# noise ordanance.



## xbrandonx (Mar 27, 2004)

SO I was driving along 127 (buisnesses not residental) at about 6 last night and got hit with a noise ordance violation.
GRRRRR, I didn't even have it up as loud as I usaully listen to it and I have buddies that see cops and turn it up to see if they say anything to them, and I know alot of you all would blow me away, hell even the ones that are going for SQ could probably beat me in SPL as well.

It was a female cop and she said that most get dismessed but the fact that I have to go to court to even see really irks me. What really sucks is the ticket is like 15 bucks but court costs are 100+. I'll probably remove it before court and say that I got rid of it all, they can check if they want (leave the wires, they are hidden really well anyways, and afterwards put it back in of course) I understand if I was in a residental zone at 1am and was doing it but whatever...I tried the whole, "I thought it was at night like after 8 or 9" and she had to have heard it before cuz she was right on with her responce.

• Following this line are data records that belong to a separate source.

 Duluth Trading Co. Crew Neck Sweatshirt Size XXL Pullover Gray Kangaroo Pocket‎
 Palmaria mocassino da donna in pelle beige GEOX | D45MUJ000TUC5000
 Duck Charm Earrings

ticket reads "the stero was so loud this officer could hear it a lane over and 3 cars back."


----------



## Matt93SE (Sep 17, 2003)

sounds to me like you need to turn it down.

the law in Oklahoma is 50 ft while stopped. if there's no traffic, you can hear someone talking on a phone 50 ft away so the ordinance is a bit overblown.. but that's the law... if you break it, be prepared to pay the fine.

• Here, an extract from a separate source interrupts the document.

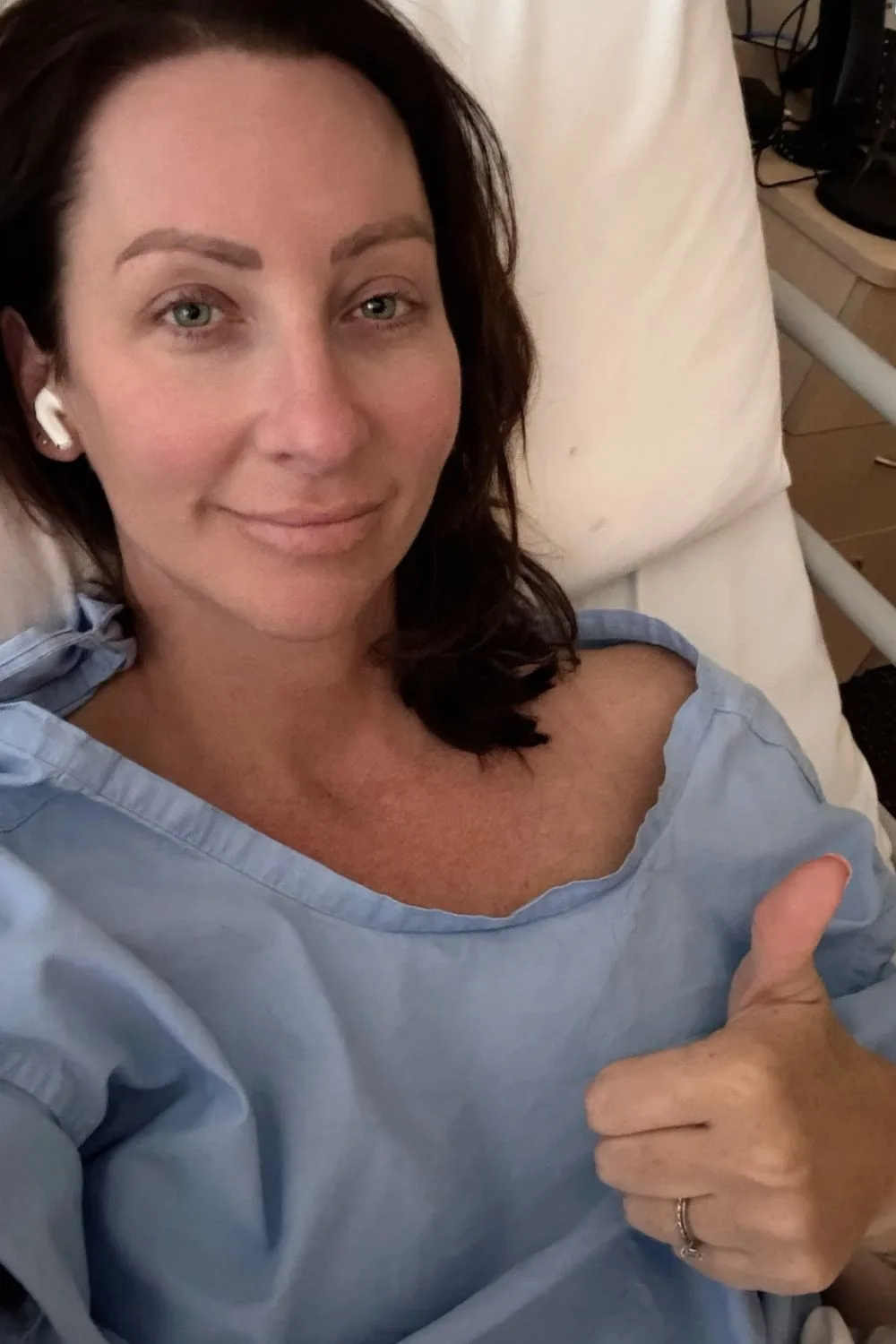 Isabelle Silbery in hospital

If the ticket is only $15, then pay it and be done. in OK, if you just paid the ticket before the court date, you didn't have to pay court costs as well and just paid a small fee for filing... don't know if that works in your state, but it's cheaper than goign to court, being found guilty, and paying the fine.


and don't bother pulling your stereo out... the stereo was in the car THEN. You broke the law THEN. It doesn't matter what you do now, except pay the fine for breaking the law.


----------



## xbrandonx (Mar 27, 2004)

Matt93SE said:


> sounds to me like you need to turn it down.
> 
> the law in Oklahoma is 50 ft while stopped. if there's no traffic, you can hear someone talking on a phone 50 ft away so the ordinance is a bit overblown.. but that's the law... if you break it, be prepared to pay the fine.
> 
> ...


I have to pay court cost no matter what. HOWEVER I'm hope that by taking it out and going to court I can say, "its gone, you can check so you don't have to worry about it"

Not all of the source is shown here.